Ten years ago, Mike Morwood was a leader of archaeological excavations in a limestone cavern on the Indonesian island of Flores, about midway between the continents of Asia and Australia. That was when he had the experience of a lifetime, as he said many times, the discovery of what he called “a new human.”

When an Indonesian team member struck bone deep in the cave floor, the archaeologists slowly uncovered the pieces of a tiny skull and jawbone of an adult female and parts of her skeleton. She and other individuals had lived there 18,000 years ago. By the size of the skull, her brain was about the size of a chimpanzee’s. Limb bones were those of individuals no more than 31⁄2 feet tall.

These were remains of what became known as the little people of Flores, thought to be a previously unknown extinct species of the genus Homo. Along with his colleagues, Morwood, who died on July 23 at 62, announced the discovery in 2004 and with them assigned the specimens a new species name: Homo floresiensis. Almost immediately, the species acquired a nickname, the hobbits, after J.R.R. Tolkien’s fictional creatures.

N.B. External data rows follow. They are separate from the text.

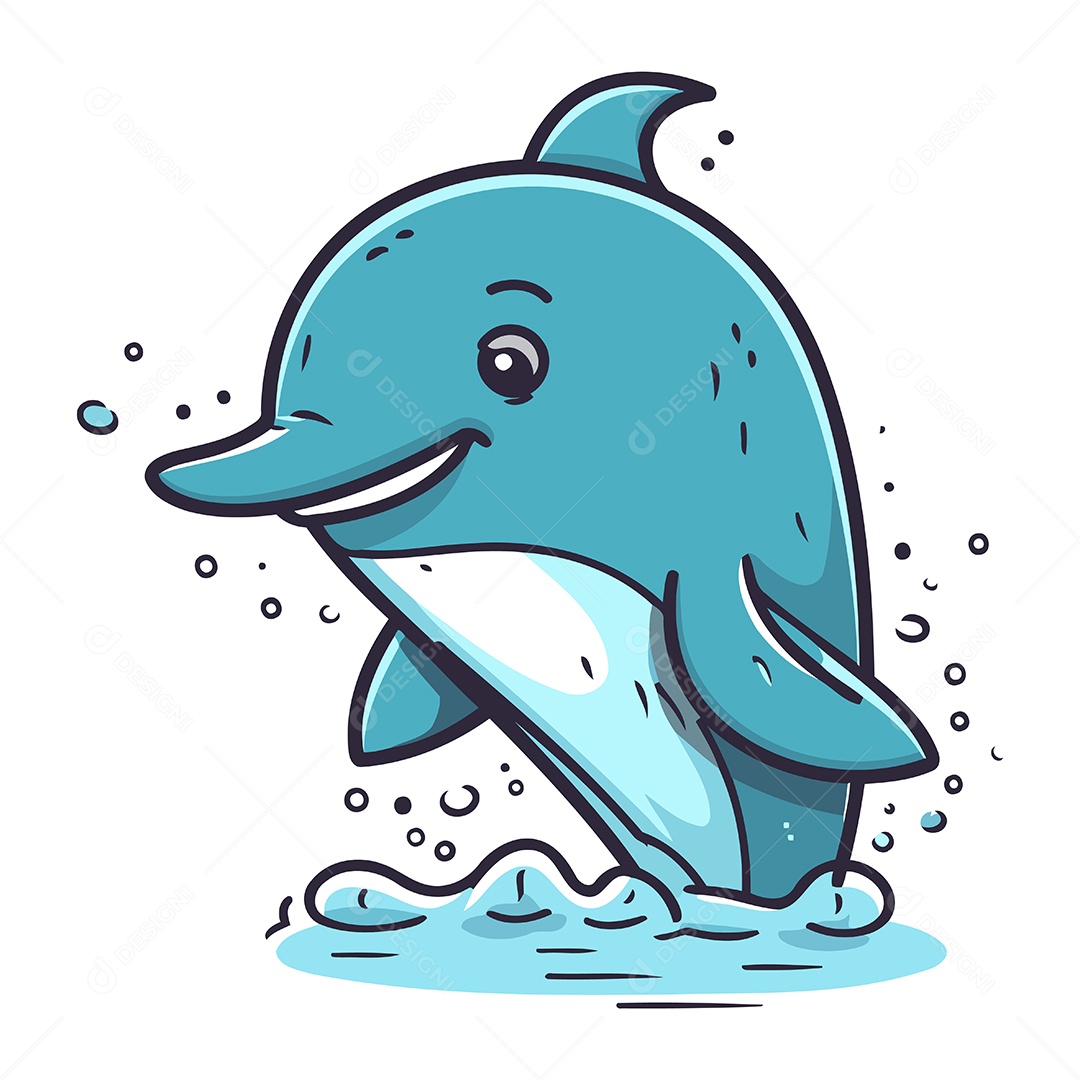 Golfinho de Desenho Animado Ilustração Vetor EPS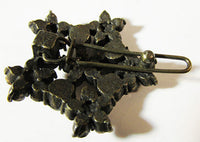 Vintage 1960s Retro Floral Gold Rhinestone Hair Clip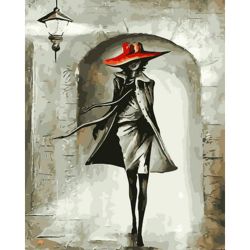 Опт-картина / Pintura por números 40x50 Dama con sombrero rojo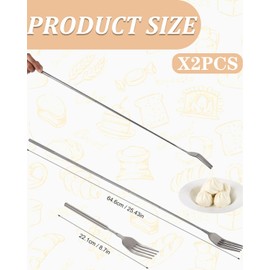 KGDUYC Set of 2 Long Telescopic Spoons Fork Retractable Set 63 cm Stainless Steel Coffee Spoon Latte Spoon for Daily Cooking Dessert Fruit BBQ Crockery Accessories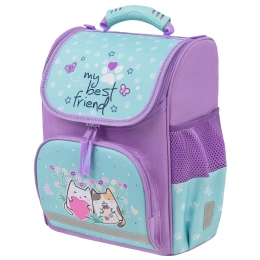 PIFAGOR basic сөмкесі, 1 бөлім, 3 қалта, эргономикалық арқа, "Cat friends", 35x28x18 см, 272048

It was among the most outstanding discoveries in paleoanthropology in half a century, two prominent British anthropologists said at the time. Skeptics were not so sure; some still contend that the small-bodied, small-brained people were nothing more than modern Homo sapiens suffering growth disorders. But recent research appears to support the distinct-species hypothesis.

The team that made the discovery at Liang Bua cave was composed of Australian and Indonesian researchers, but it was Morwood who was most closely identified with it. He had become an archaeologist after working for many years as a leading authority on aboriginal rock art, a scholar who followed his curiosity to neighboring islands in the north in search of traces of the first human migrations into Australia.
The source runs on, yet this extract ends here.